▶ [Exercise prompt] From the data below, copy exactly the lines that lie between the one holding "A small wooden" and the one holding "Body musculosa negro", including both, and nothing more.

Source records
⟨
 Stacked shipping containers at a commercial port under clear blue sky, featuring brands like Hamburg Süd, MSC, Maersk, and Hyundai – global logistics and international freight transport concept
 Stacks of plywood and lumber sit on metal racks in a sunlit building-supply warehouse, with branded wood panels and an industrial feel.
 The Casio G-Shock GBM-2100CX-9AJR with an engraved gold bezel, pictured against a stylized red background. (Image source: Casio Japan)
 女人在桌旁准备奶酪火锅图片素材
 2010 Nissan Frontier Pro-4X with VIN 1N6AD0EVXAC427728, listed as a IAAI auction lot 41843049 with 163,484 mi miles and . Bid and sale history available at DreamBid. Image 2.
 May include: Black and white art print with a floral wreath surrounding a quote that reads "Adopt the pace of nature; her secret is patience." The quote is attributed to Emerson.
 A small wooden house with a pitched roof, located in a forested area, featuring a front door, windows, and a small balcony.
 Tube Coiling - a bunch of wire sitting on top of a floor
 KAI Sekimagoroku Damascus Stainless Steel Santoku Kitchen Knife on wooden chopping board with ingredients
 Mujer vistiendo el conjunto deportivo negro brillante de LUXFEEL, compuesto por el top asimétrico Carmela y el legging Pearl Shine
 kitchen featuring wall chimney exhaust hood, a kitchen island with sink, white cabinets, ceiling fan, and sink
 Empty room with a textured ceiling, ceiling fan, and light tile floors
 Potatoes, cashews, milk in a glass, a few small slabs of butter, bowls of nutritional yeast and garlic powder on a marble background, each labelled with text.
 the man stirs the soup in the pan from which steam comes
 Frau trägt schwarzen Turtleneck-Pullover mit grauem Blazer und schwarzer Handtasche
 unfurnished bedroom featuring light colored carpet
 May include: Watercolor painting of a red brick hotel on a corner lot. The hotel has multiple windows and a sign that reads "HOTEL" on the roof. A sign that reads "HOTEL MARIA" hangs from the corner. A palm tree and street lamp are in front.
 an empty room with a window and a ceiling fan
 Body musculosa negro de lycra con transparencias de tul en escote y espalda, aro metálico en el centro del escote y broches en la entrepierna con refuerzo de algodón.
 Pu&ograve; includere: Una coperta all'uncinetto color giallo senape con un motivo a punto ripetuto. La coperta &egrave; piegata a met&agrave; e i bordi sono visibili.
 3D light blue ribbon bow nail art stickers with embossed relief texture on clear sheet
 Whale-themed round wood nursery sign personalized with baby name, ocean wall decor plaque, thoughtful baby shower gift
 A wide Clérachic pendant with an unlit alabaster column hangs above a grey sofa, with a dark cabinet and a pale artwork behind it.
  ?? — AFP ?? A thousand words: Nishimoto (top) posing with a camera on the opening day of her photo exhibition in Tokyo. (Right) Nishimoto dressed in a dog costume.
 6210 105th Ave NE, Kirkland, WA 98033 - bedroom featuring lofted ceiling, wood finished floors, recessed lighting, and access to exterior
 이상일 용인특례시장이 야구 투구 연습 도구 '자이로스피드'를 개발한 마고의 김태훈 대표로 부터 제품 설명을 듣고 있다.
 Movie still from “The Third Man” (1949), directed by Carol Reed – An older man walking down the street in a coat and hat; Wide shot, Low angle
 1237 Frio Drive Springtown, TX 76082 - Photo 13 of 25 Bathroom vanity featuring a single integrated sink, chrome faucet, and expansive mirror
⟩
▶ [Answer space]
 A small wooden house with a pitched roof, located in a forested area, featuring a front door, windows, and a small balcony.
 Tube Coiling - a bunch of wire sitting on top of a floor
 KAI Sekimagoroku Damascus Stainless Steel Santoku Kitchen Knife on wooden chopping board with ingredients
 Mujer vistiendo el conjunto deportivo negro brillante de LUXFEEL, compuesto por el top asimétrico Carmela y el legging Pearl Shine
 kitchen featuring wall chimney exhaust hood, a kitchen island with sink, white cabinets, ceiling fan, and sink
 Empty room with a textured ceiling, ceiling fan, and light tile floors
 Potatoes, cashews, milk in a glass, a few small slabs of butter, bowls of nutritional yeast and garlic powder on a marble background, each labelled with text.
 the man stirs the soup in the pan from which steam comes
 Frau trägt schwarzen Turtleneck-Pullover mit grauem Blazer und schwarzer Handtasche
 unfurnished bedroom featuring light colored carpet
 May include: Watercolor painting of a red brick hotel on a corner lot. The hotel has multiple windows and a sign that reads "HOTEL" on the roof. A sign that reads "HOTEL MARIA" hangs from the corner. A palm tree and street lamp are in front.
 an empty room with a window and a ceiling fan
 Body musculosa negro de lycra con transparencias de tul en escote y espalda, aro metálico en el centro del escote y broches en la entrepierna con refuerzo de algodón.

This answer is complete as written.